Freakonomics: This book has helped me significantly in applying economics to every single behaviour and action. It has also helped me understand how data can be misleading if we are not making the right assumptions and outcomes. I would recommend everyone to read this book.

 

Your fitness regime

I walk briskly in the morning and evening to keep myself fit.

 

Your five business mantras

 Focus on the right problem: It’s not as simple as it sounds. Understanding the customer’s pain points along with gaps in the existing product and then focusing on solving the right problem is the first step towards any successful venture.

 Measure, monitor and iterate: If you are not measuring the key metrics which define product and business success, you are running blind. A common pitfall is when people only measure outcomes in terms of revenue. I call it measuring the lag metrics.
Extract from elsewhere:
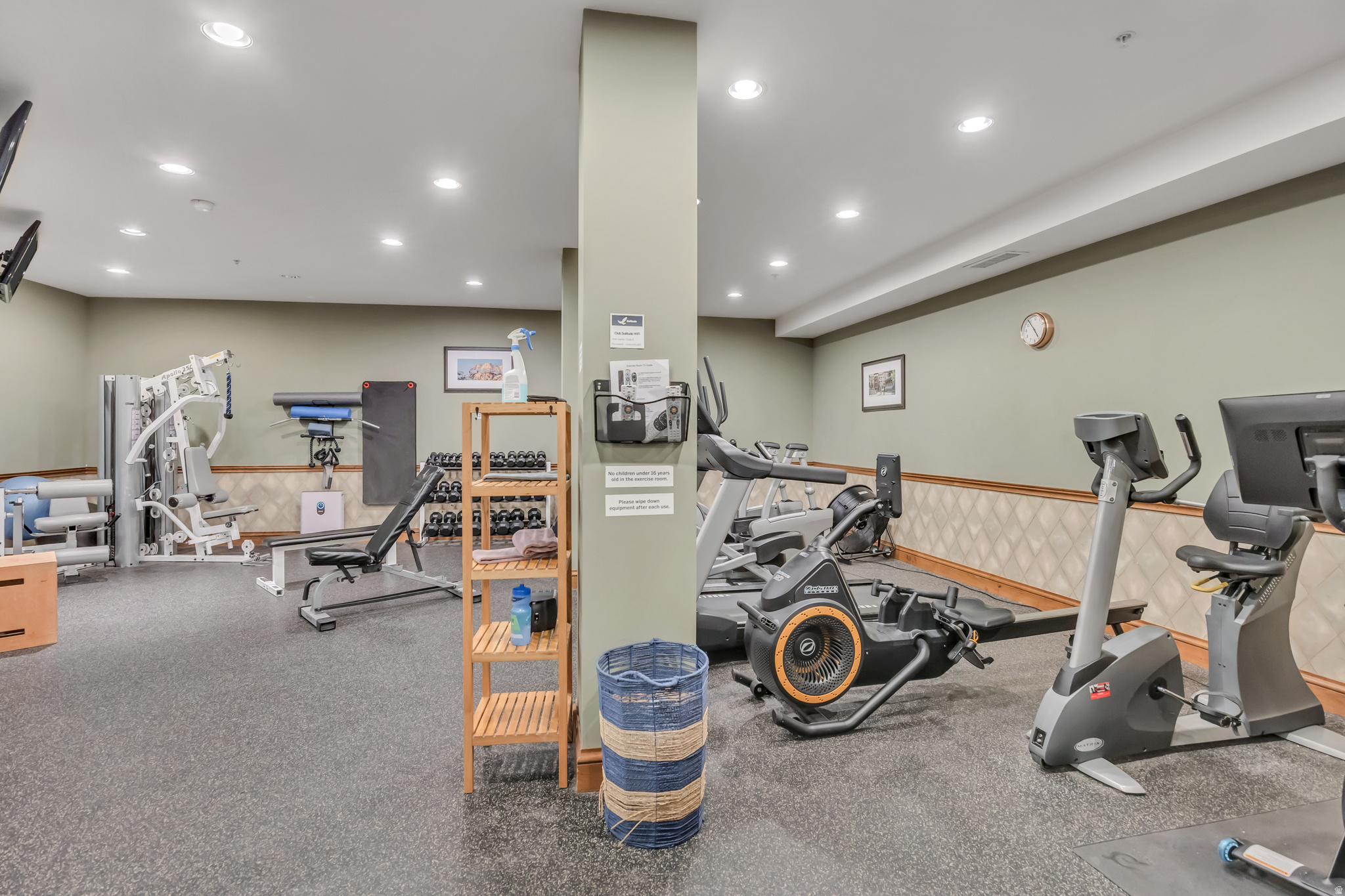 POWDERHORN - Residential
Identify and build lead metrics that clearly define business success. Monitor metrics, build review mechanisms, take cues, and then take actions to iterate the product in order to improve customer experience.

 Customer is king: Very well-known statement, but how to interpret and measure it is evolving with time. It is important to carefully stitch in every piece of the product to make sure that the customer is put first. It is essential to implement this thinking across the organisation. Building a customer-first culture and measuring NPS is becoming fundamental to the success of every business.

● Observe (listen), learn and pivot: Carefully observe data, and listen to what it is revealing. Be open to learning along the journey and identifying gaps in hypothesis and assumptions. Be open to pivoting the business and product. Building an organisation which is nimble and agile forms an essential part of this strategy.

 Build processes and automation for opex (operational expense) reduction: Last, but not the least, you can’t bloat your cost of operations. Making sure that you are building the right process and automation to continuously reduce the operational cost should not just be a part of the strategy but also the focus.

 

Your message on management to youngsters

There is no shortcut to hard work when it comes to learning. Observe, listen and learn, and keep a growth mindset.